### Problem statement
Every entry below should be reproduced exactly, with all pictures left out.

### Supplied records
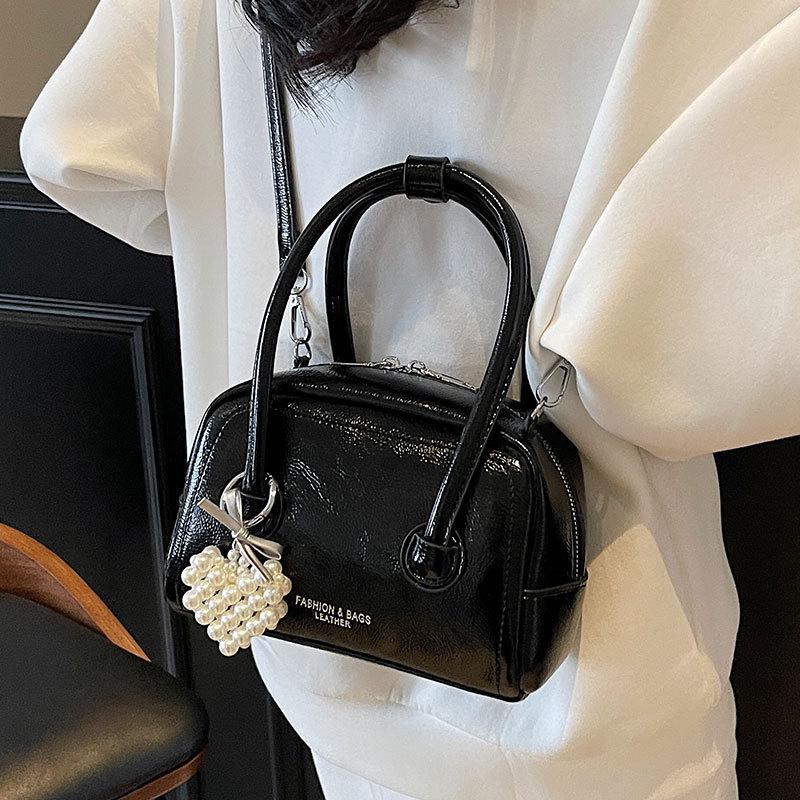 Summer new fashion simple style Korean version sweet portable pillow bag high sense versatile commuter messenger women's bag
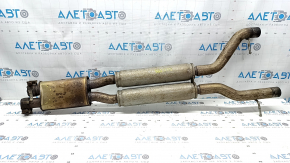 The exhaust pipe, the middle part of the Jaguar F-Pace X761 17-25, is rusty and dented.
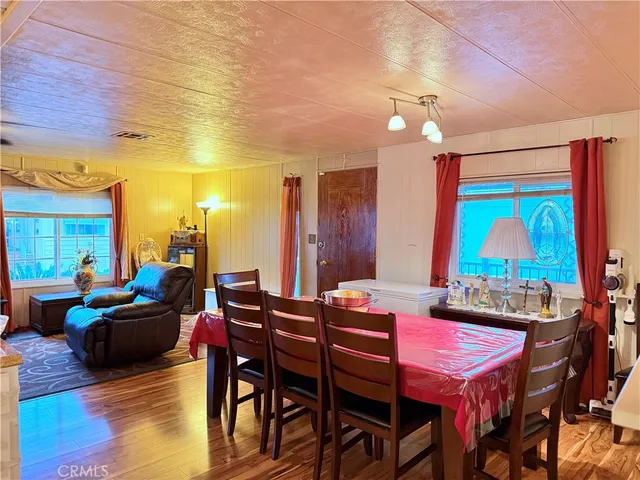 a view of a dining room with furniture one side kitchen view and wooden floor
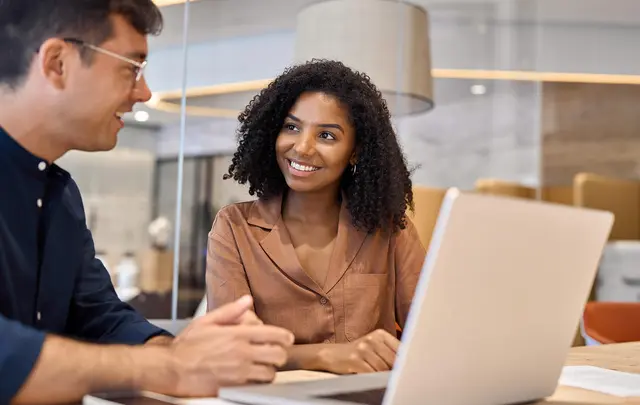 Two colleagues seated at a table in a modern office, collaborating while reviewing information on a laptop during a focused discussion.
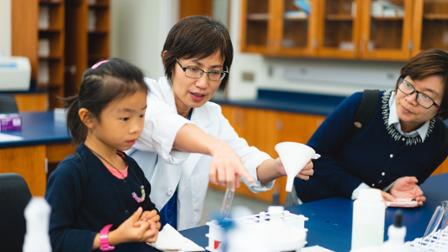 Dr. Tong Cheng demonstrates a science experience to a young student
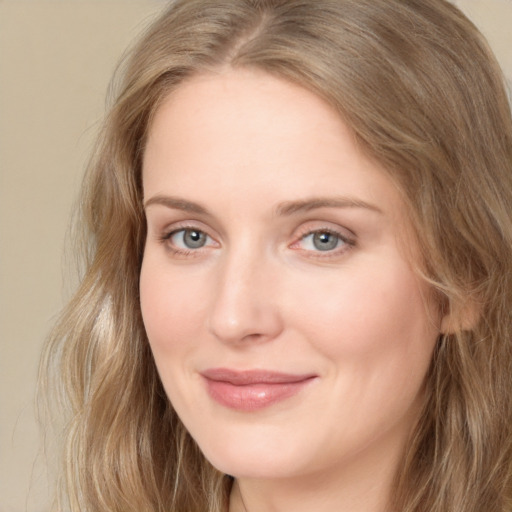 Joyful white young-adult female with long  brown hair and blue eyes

### Solution for this problem
 Summer new fashion simple style Korean version sweet portable pillow bag high sense versatile commuter messenger women's bag
 The exhaust pipe, the middle part of the Jaguar F-Pace X761 17-25, is rusty and dented.
 a view of a dining room with furniture one side kitchen view and wooden floor
 Two colleagues seated at a table in a modern office, collaborating while reviewing information on a laptop during a focused discussion.
 Dr. Tong Cheng demonstrates a science experience to a young student
 Joyful white young-adult female with long  brown hair and blue eyes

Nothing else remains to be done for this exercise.